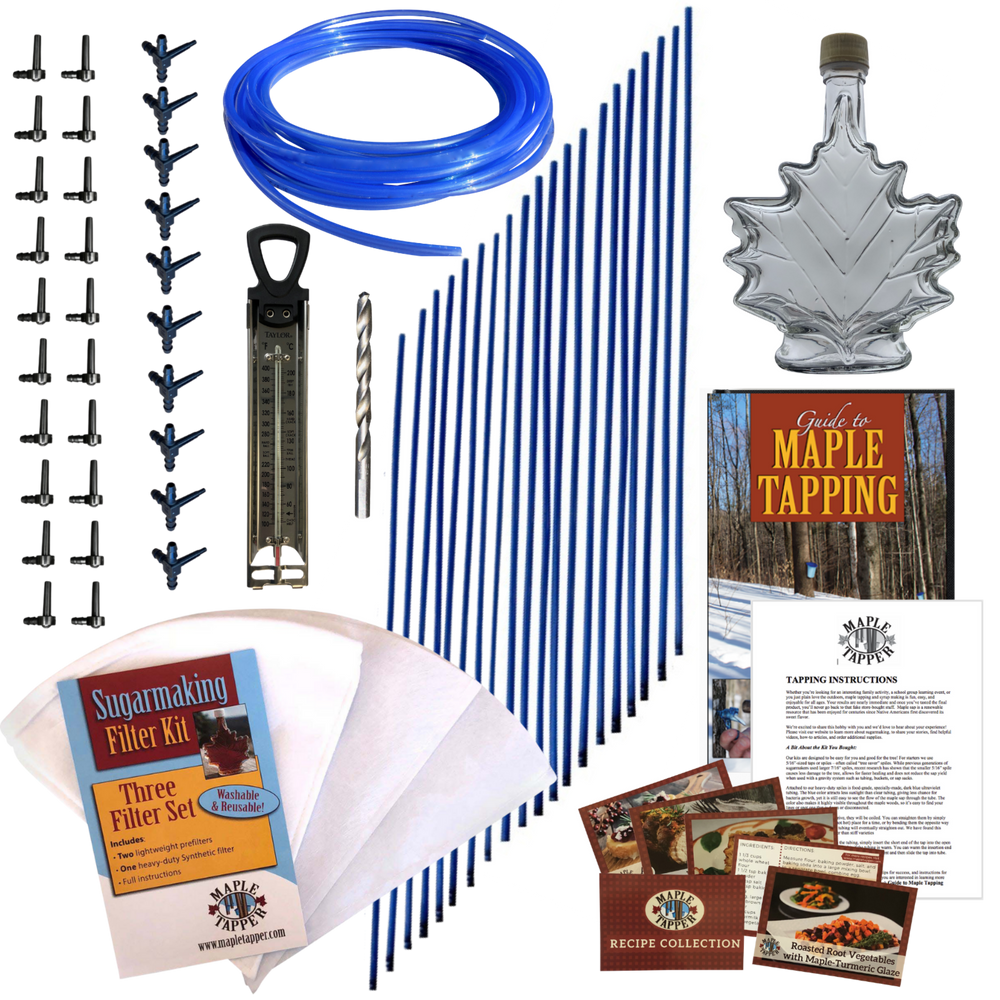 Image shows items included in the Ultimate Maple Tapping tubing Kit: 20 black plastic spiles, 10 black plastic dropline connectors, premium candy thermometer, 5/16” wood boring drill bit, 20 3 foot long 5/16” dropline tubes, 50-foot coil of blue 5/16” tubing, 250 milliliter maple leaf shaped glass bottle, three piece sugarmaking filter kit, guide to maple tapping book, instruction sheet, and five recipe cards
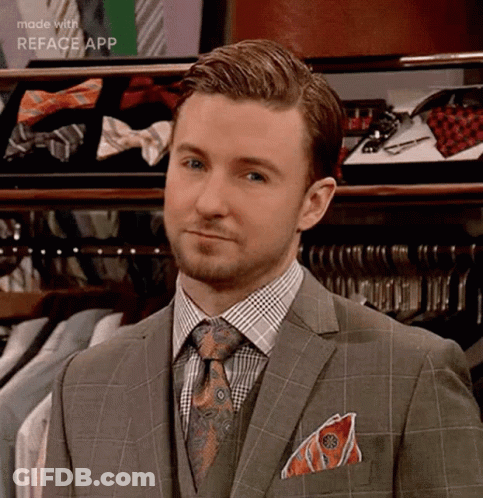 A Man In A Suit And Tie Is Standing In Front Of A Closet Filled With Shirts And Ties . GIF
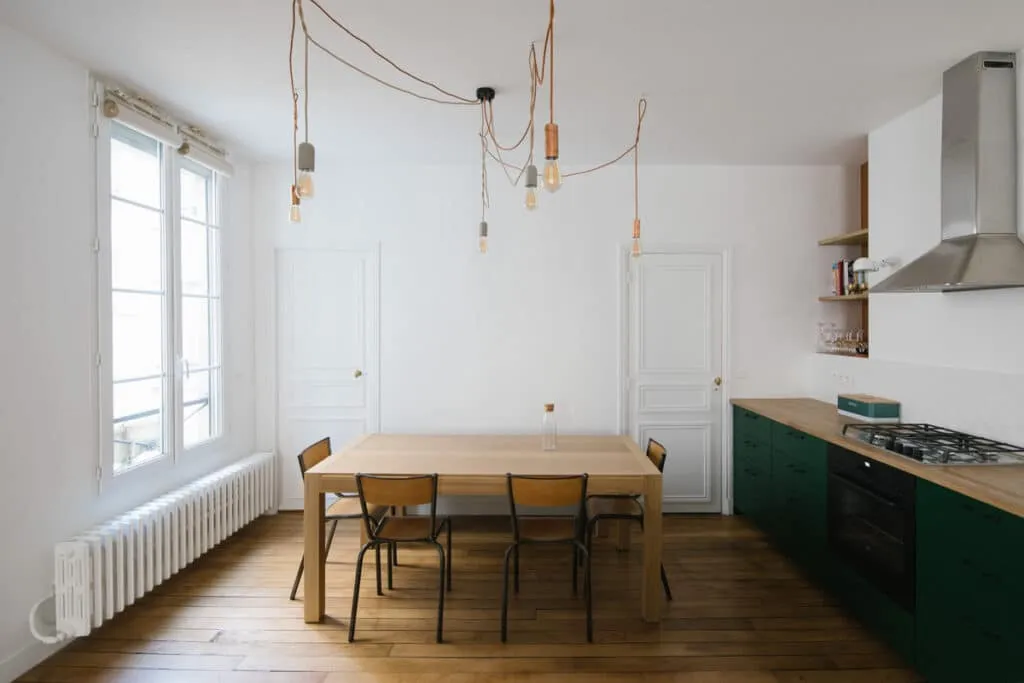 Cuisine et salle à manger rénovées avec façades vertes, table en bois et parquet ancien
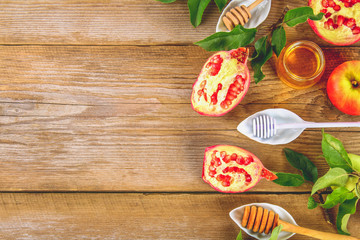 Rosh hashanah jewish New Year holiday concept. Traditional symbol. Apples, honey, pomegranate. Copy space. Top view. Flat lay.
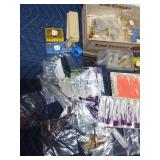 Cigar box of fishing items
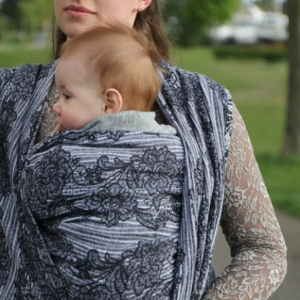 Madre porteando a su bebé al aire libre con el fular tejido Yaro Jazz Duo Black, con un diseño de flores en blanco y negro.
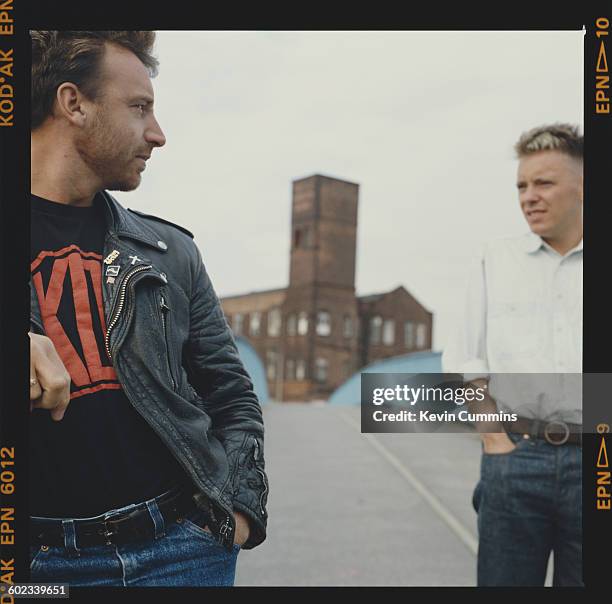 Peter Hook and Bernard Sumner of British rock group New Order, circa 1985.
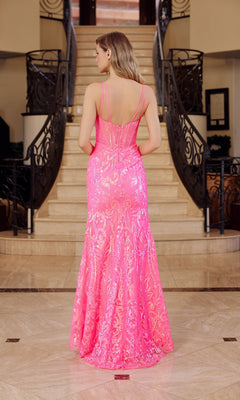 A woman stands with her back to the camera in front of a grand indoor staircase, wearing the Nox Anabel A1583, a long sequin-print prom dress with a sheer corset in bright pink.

____________________

> WORK REQUEST:
Write every line above again exactly, but leave the pictures out.

> ANSWER FOR THE TASK:
 Image shows items included in the Ultimate Maple Tapping tubing Kit: 20 black plastic spiles, 10 black plastic dropline connectors, premium candy thermometer, 5/16” wood boring drill bit, 20 3 foot long 5/16” dropline tubes, 50-foot coil of blue 5/16” tubing, 250 milliliter maple leaf shaped glass bottle, three piece sugarmaking filter kit, guide to maple tapping book, instruction sheet, and five recipe cards
 A Man In A Suit And Tie Is Standing In Front Of A Closet Filled With Shirts And Ties . GIF
 Cuisine et salle à manger rénovées avec façades vertes, table en bois et parquet ancien
 Rosh hashanah jewish New Year holiday concept. Traditional symbol. Apples, honey, pomegranate. Copy space. Top view. Flat lay.
 Cigar box of fishing items
 Madre porteando a su bebé al aire libre con el fular tejido Yaro Jazz Duo Black, con un diseño de flores en blanco y negro.
 Peter Hook and Bernard Sumner of British rock group New Order, circa 1985.
 A woman stands with her back to the camera in front of a grand indoor staircase, wearing the Nox Anabel A1583, a long sequin-print prom dress with a sheer corset in bright pink.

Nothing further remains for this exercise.